Mir Random [WIP] (page 3) - D Programming Language Discussion Forum

Forums

New users
- Learn
Community
- General
- Announce
Improvements
- DIP Ideas
- DIP Devel.
Ecosystem
- GDC
- LDC
- Debuggers
- IDEs
- DWT
Development
- Internals
- Issues
- Beta
- DMD
- Phobos
- Druntime
- Study
Turkish
- Genel
- Duyuru

Index » General » Mir Random [WIP] (page 3)

November 23, 2016

Re: Mir Random [WIP]

Posted by Ilya Yaroshenko
in reply to Joseph Rushton Wakeling

Ilya Yaroshenko

Posted in reply to Joseph Rushton Wakeling

On Wednesday, 23 November 2016 at 10:57:04 UTC, Joseph Rushton Wakeling wrote:
> On Wednesday, 23 November 2016 at 05:58:47 UTC, Ilya Yaroshenko wrote:
>> It is safe low level architecture without performance and API issues. It prevents users to do stupid things implicitly (like copying RNGs). A hight level range interface can be added in the future (it will hold a _pointer_ to an RNG).
>
> Note that if you want to do this, it's convenient to still preserve a separation between popping the RNG state versus getting the current variate.  Otherwise, the range interface will wind up having to separately cache the variate value, which is wasteful.
>
> Something like this:
>
> struct MyRNG
> {
>     void popFront() { /* update internal state */ }
>
>     UIntType front() @property { return /* whatever part of internal state */; }
>
>     UIntType opCall()
>     {
>         this.popFront();
>         return this.front;
>     }
> }
>
> (The above is basically just the input range API less the `empty` property, and the `front` and `popFront()` are arguably a lower-level API than `opCall`.)
>
>> In additional, when you need to write algorithms or distributions opCall is much more convenient than range API.
>
> Can you give some examples of what you mean here?
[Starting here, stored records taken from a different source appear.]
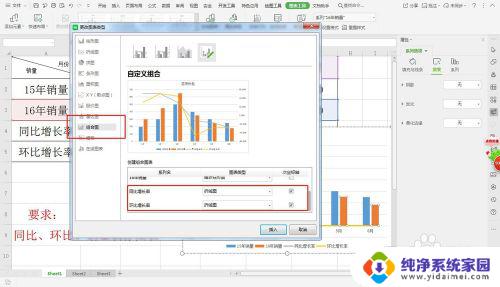 同比环比excel表格制作 环比销量图表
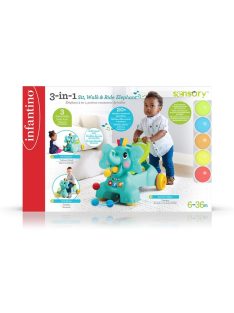 Infantino Sit, Walk & Ride Elephant 3az1-ben járássegítő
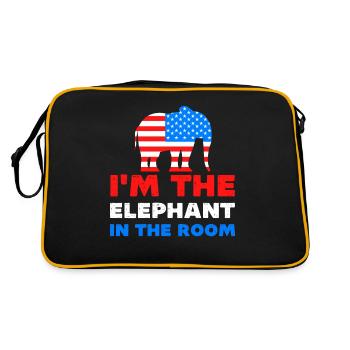 Im l’éléphant dans la pièce Républicain - Sac Retro - noir/or - Dos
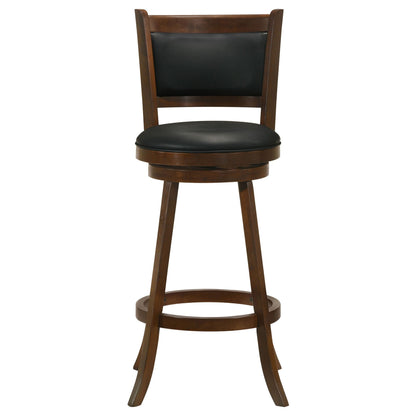 Chestnut and Black Swivel Stool (Set of 2) image 5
For example, Mir Random basic utilities (more low level then distributions):
https://github.com/libmir/mir-random/blob/master/source/random/package.d

Also you can explore std.random code. opCall would almost always more convenient to use.

>>  In additions, users would not use Engine API in 99% cases: they will just want to call `rand` or `uniform`, or other distribution.
>
> I don't think that's necessarily true, but in any case, we shouldn't restrict the use-cases of the 1% unless we have to.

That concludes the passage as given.